Espelho do Príncipe é o primeiro livro de memórias do diplomata, poeta consagrado, ensaísta e estudioso da história e cultura africana (com que teve contato mais íntimo como embaixador brasileiro na Nigéria e Benim) Alberto da Costa e Filho. Abrange o período da infância em Fortaleza (com viagens para fazendas de familiares no interior do Ceará) e o início da adolescência no Rio de Janeiro. Embora André Seffrin o enquadre como um livro “que nasceu para figurar entre os clássicos do gênero memorialístico” e José Paulo Paes afirme que com esta obra o autor “entra no memorialismo brasileiro pela estrada real, a que leva Joaquim Nabuco a Pedro Nava”, não é um livro de memórias convencional, já que é narrado em terceira pessoa, como se fosse uma obra de ficção, em que reconhecemos o autor no personagem central chamado “o menino” – daí o subtítulo “ficções da memória”. E, a não ser que o autor tenha memória fotográfica, dado o detalhamento com que descreve alguns acontecimentos, é possível que tenha “inventado” alguma coisa para completar eventuais lacunas. Afinal, como diz José Paulo Paes na “Apresentação” do livro, “estas são memórias de poeta, e em poeta que se preze o respeito pelo factual não pode excluir o gosto do ficcional […]”.

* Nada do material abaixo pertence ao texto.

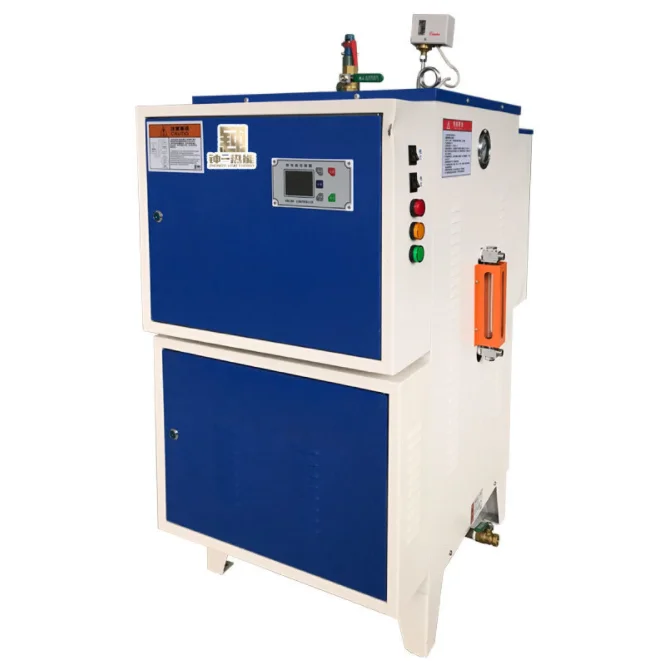 laboratory industrial 6kw 9kw 12kw 18kw 24kw 36kw 48kw 72kw electric steam generator boiler machine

A obra é dividida em 130 capítulos numerados e sem títulos que, sem se alongarem demais, narram episódios completos, como se fossem crônicas independentes. A continuidade entre um capítulo e o próximo é tênue. Nas palavras de André Seffrin em "A Memória Acesa como um Círio Perfeito", "fotogramas densos de música e cor [...] que se desenvolvem em contraponto, em episódios que se desdobram ou enovelam". E como seria de esperar de um poeta, a prosa do autor está plena de poeticidade, com trechos de pura prosa poética.

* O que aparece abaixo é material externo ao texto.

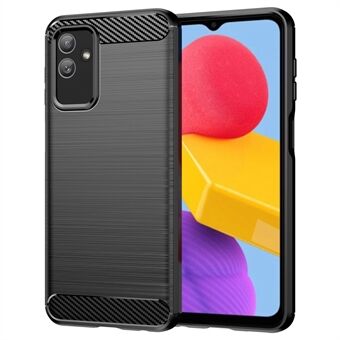 Samsung Galaxy M13 5G / A13 4G / A13 5G / A04s 4G (164,7 x 76,7 x 9,1 mm) TPU-puhelinkotelo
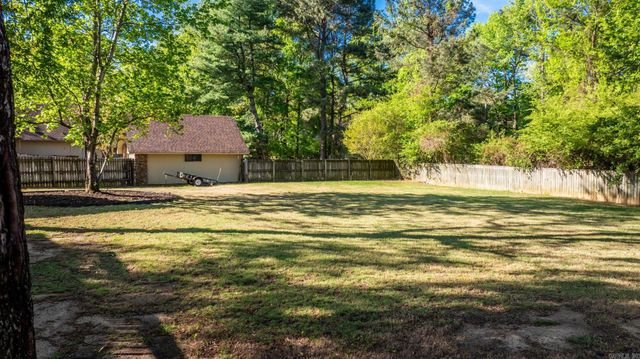 3110 Hinson Road, Little Rock, AR 72212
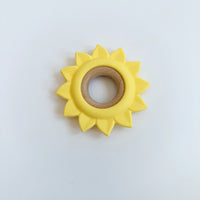 SUNNY SILICONE TEETHER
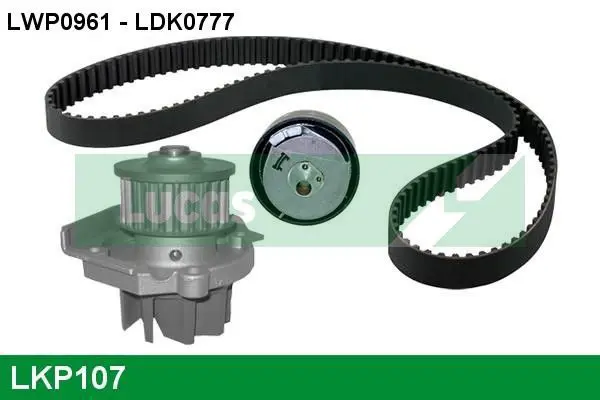 LKP107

Reza um ditado que “uma imagem vale por mil palavras”, mas existem uns raros autores cujo poder de descrição é tamanho que conseguem “pintar quadros” valendo-se da linguagem. O exemplo clássico é Balzac, mas Alberto também se enquadra nesse privilegiado grupo, como demonstra no capítulo 36 que descreve a estrutura do bonde elétrico, cujo ponto final ficava próximo da “casa do menino” (“Ao chegar ao fim da linha, motorneiro e cobrador desciam do veículo e desengatavam do fio elétrico, com o puxar de uma corda, a rodinha que rematava a longa haste metálica presa ao centro do teto do bonde. Em seguida, correndo ao redor deste, faziam-na girar até a posição oposta, para habilmente de novo inserir na canelura da pequena roldana o cabo elétrico.”) e no capítulo 46 que descreve o jogo de bolas de gude.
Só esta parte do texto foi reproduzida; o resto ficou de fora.